◆ Dataset entries
=-=-=
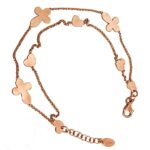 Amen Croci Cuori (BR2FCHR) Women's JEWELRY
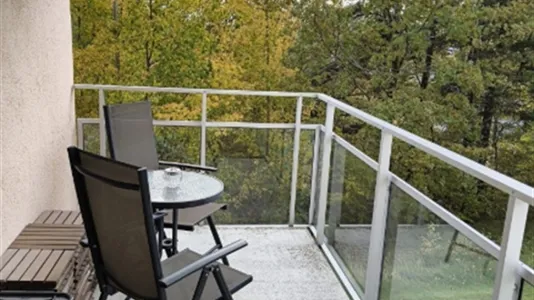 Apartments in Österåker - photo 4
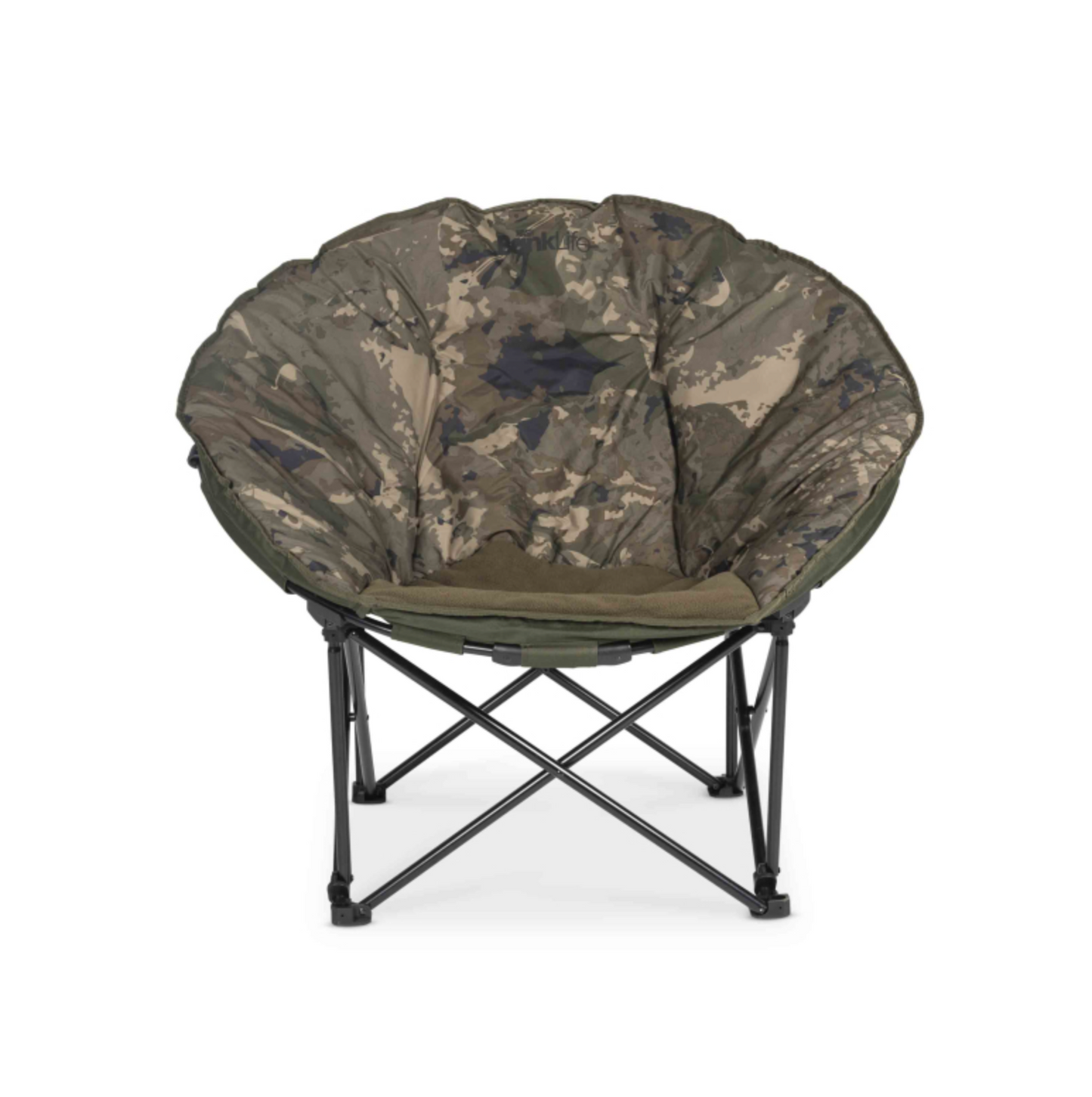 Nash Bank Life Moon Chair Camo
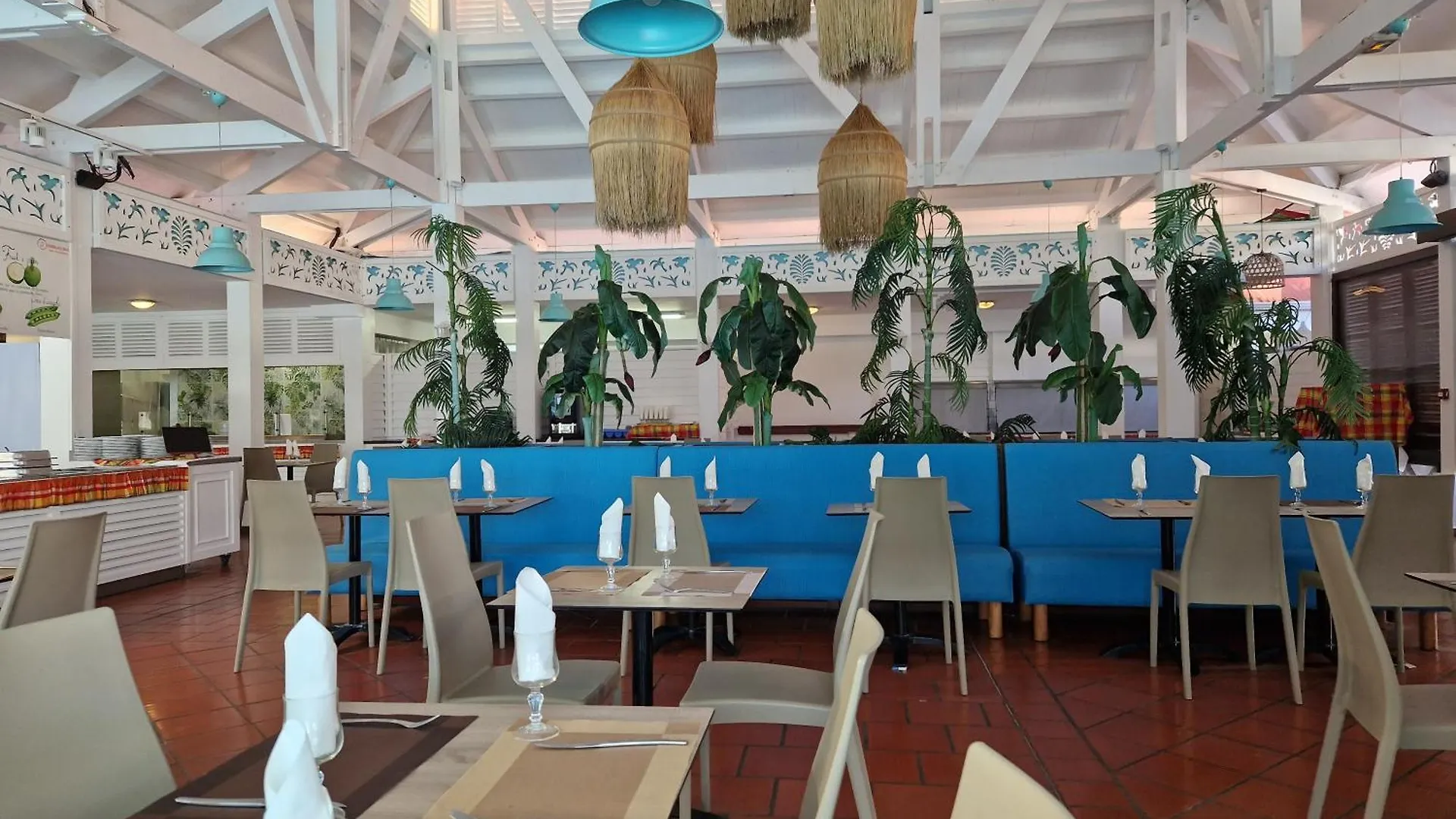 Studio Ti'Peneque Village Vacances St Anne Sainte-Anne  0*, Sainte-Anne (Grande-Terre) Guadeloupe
=-=-=
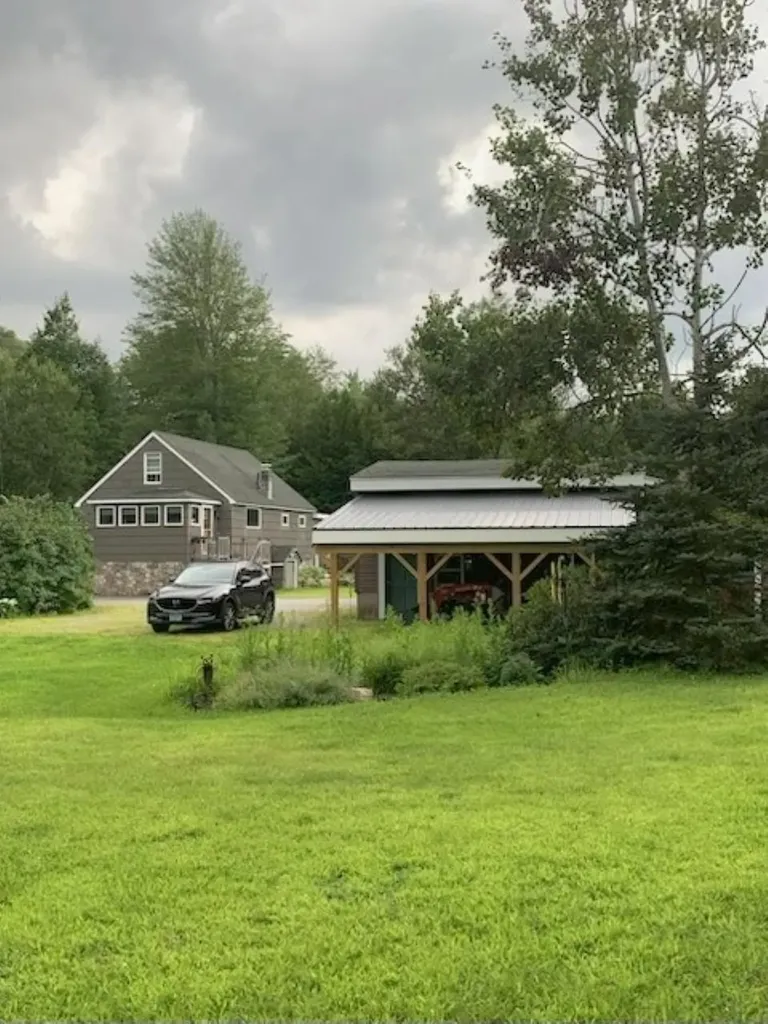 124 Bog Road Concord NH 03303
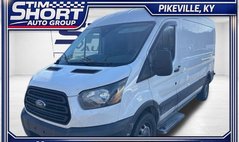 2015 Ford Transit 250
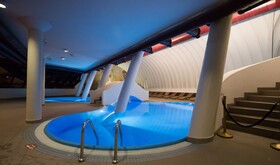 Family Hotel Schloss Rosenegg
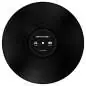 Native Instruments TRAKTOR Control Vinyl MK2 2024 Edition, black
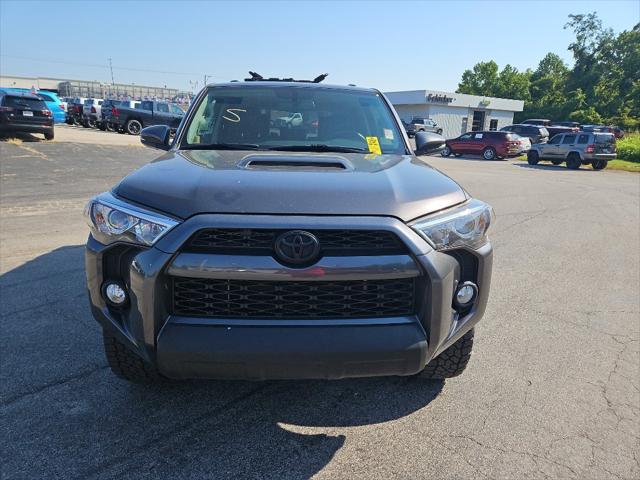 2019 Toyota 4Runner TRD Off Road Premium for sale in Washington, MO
=-=-=
Above are records; repeat only the lines from the line with "Amen Croci Cuori (BR2FCHR) Women's JEWELRY" through the line with "Studio Ti'Peneque Village", and leave pictures out.

◆ Response for this exercise
 Amen Croci Cuori (BR2FCHR) Women's JEWELRY
 Apartments in Österåker - photo 4
 Nash Bank Life Moon Chair Camo
 Studio Ti'Peneque Village Vacances St Anne Sainte-Anne  0*, Sainte-Anne (Grande-Terre) Guadeloupe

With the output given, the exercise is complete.